443 Cross Systems Collaboration: A Framework within Child Welfare and Supportive Housing

Schedule:
Thursday, June 2, 2016
Bayview A (Hyatt Regency San Francisco)
* noted as presenting author
Bridgette Lery, PhD, Senior Planning Analyst, San Francisco Human Services Agency, San Francisco, CA
Jennifer Haight, phd, Senior Researcher, Chapin Hall, Chicago, IL
Anne F. Farrell, PhD, Associate Professor, University of Connecticut, Stamford, CT
Patrick J. Fowler, PhD, Assistant Professor, Washington University in St. Louis, St. Louis, MO
The co-occurrence of homelessness, child welfare involvement, and related family comorbidities is a multidetermined and now well-established phenomenon (Dworsky 2014; Fowler et al., 2013; Ziotnick 2009). The need to collaborate across service systems in order to address the multiple needs of these families in service of improved well being is clear (Banks, Landsverk, & Wang 2008; CSH 2011), as doing so effectively can increase service use and improve outcomes for families (Fowler, et al., 2013; Bai, Wells & Hillemeier 2008; Harburger & White, 2004). Yet, accomplishing effective, sustained cross-system collaboration is difficult. This presentation asserts the need for a new framework that treats cross-systems as an intervention in of itself; members of five federal demonstration projects that entail partnerships in housing and child welfare present their intervention models along with the benefits and challenges associated with collaboration. We explicate a new framework, which incorporates elements of implementation science and organizational theory, and requires sequenced implementation tasks. We then provide initial validation that involves input from the five federal housing and child welfare demonstration projects and other partnerships that address family and child well being.
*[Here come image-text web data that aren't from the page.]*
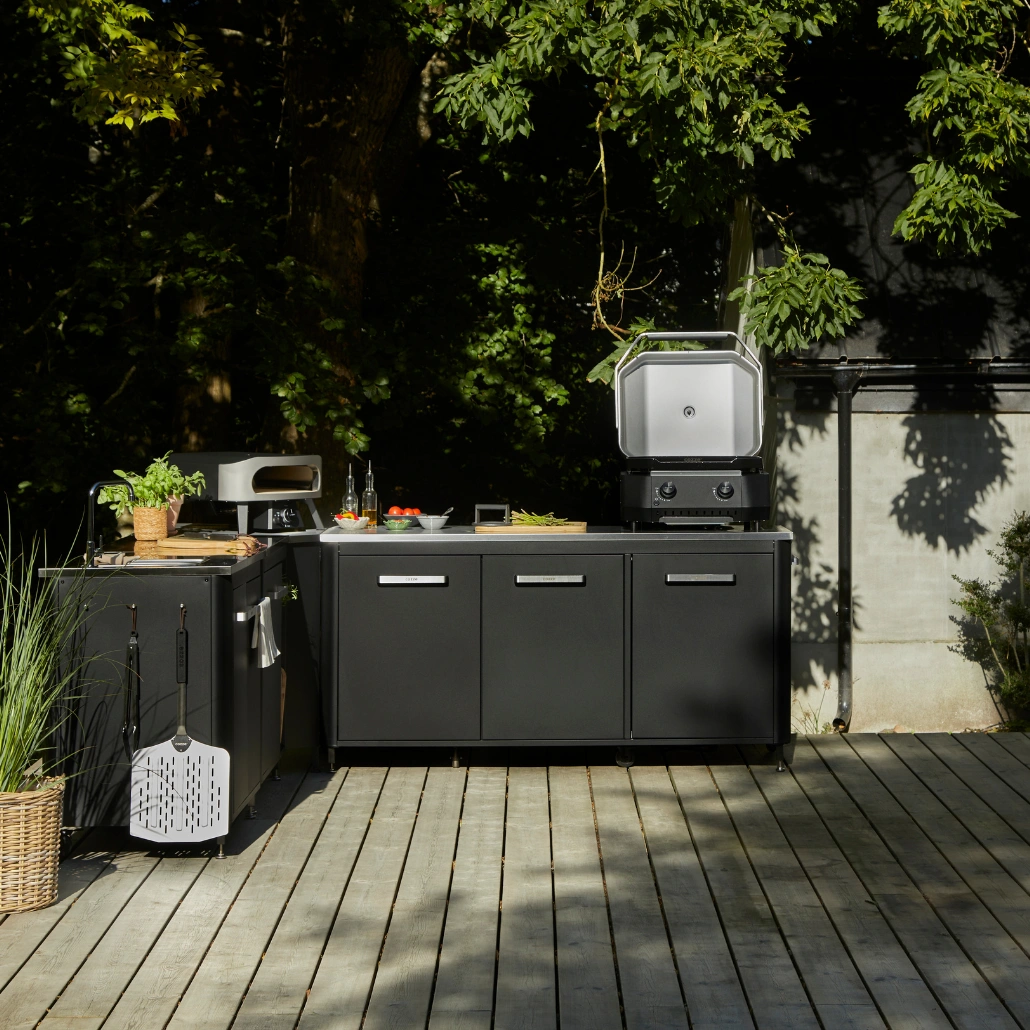 Bucatarie Exterioara Cozze cu blat din otel inoxidabil si 3 usi [4]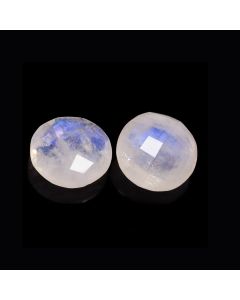 16 Ct Natural White Rainbow Moonstone Round Shape Faceted Cut Loose Gemstone 14X5-14X8 MM White Rainbow Blue Fire Moonstone For Jewelry Making 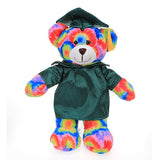 Soft Plush Tie Dye Teddy Bear in Graduation Cap & Gown forest green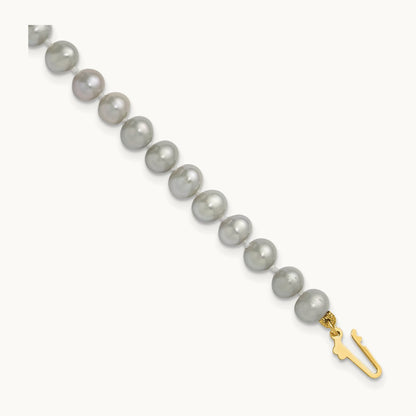 5- Near Round Grey Freshwater Cultured Pearl Bracelet, 6mm, 14K
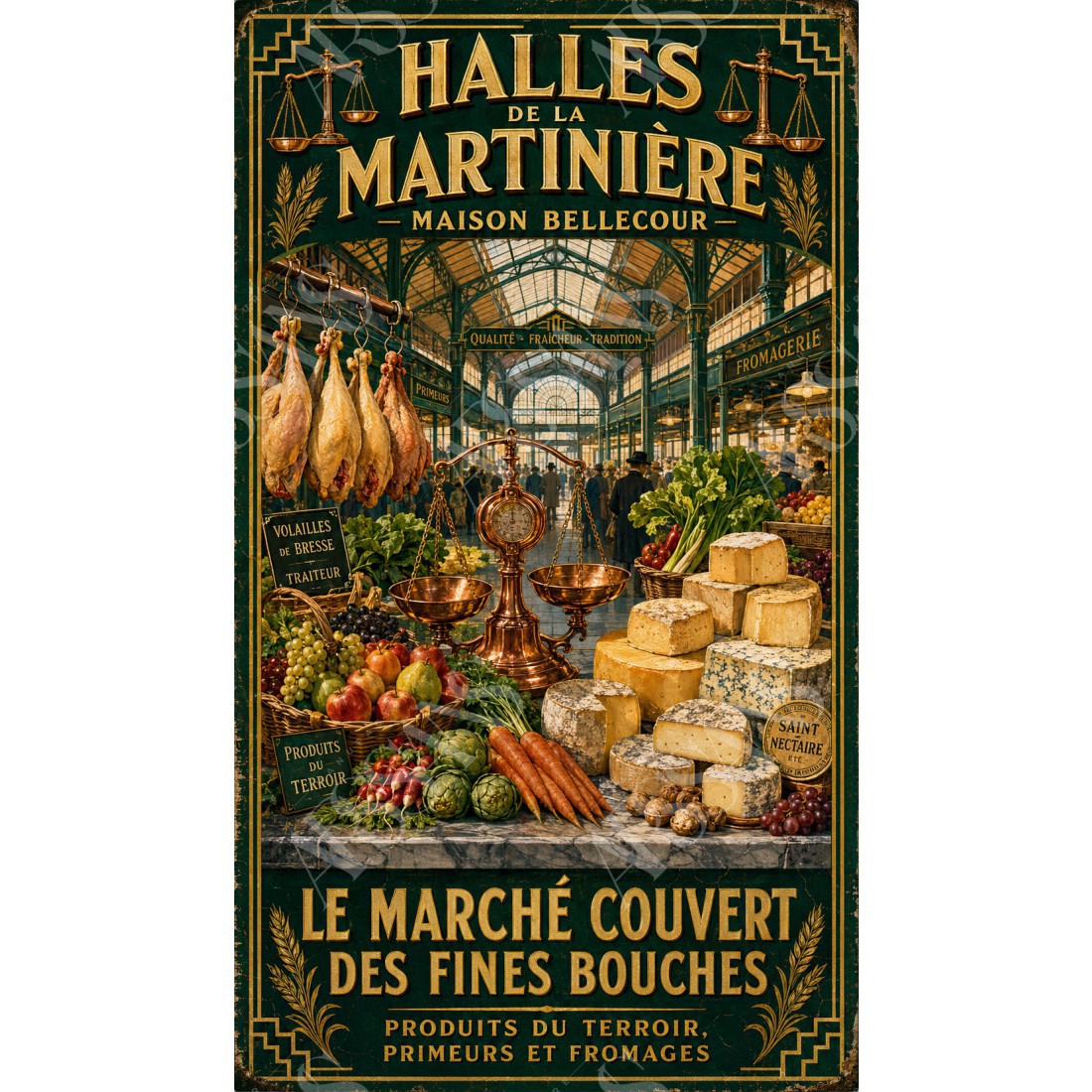 Halles de la Martinière — Maison Bellecour – affiche & plaque vintage | Manufacture Arssans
Specifically, this presentation:

1) Explains the need for cross-system collaboration in the housing and child welfare context, e.g., a multi-site federal demonstration project and its core features in evidence across the demonstration sites, all of which are randomized controlled trials;

2) Describes a cross systems collaboration framework that blends implementation science and organizational theory and draws on the collective impact literature with respect to the sequence of activities required, including examples from sites; and

3) Discusses initial testing and validation of this new framework for treating cross-system coordination as an intervention itself (with sequenced implementation tasks) in order to achieve collective impact among partner organizations supporting families with child welfare, housing, and related challenges.

This approach enables the classification of early success and challenges of coordination across child welfare and other systems applying a new framework. Based on findings to date, we suggest adjustments to the framework and speculate regarding how it might be adopted and refined in similar cross-systems endeavors intended to shore up vulnerable families.

This presentation will include the shared, pooled findings from the five demonstration sites with respect to cross systems collaboration, as well as selective summary findings from process, outcomes, and cost analyses. The process evaluations include implementation and fidelity observations, collaboration surveys, and related research. The outcomes evaluations address parent, child, and family outcomes. Cost analysis data includes the cost of homelessness and the cost of service provision to prevent and intervene. Sites present selected findings that illustrate the fruits of collaboration.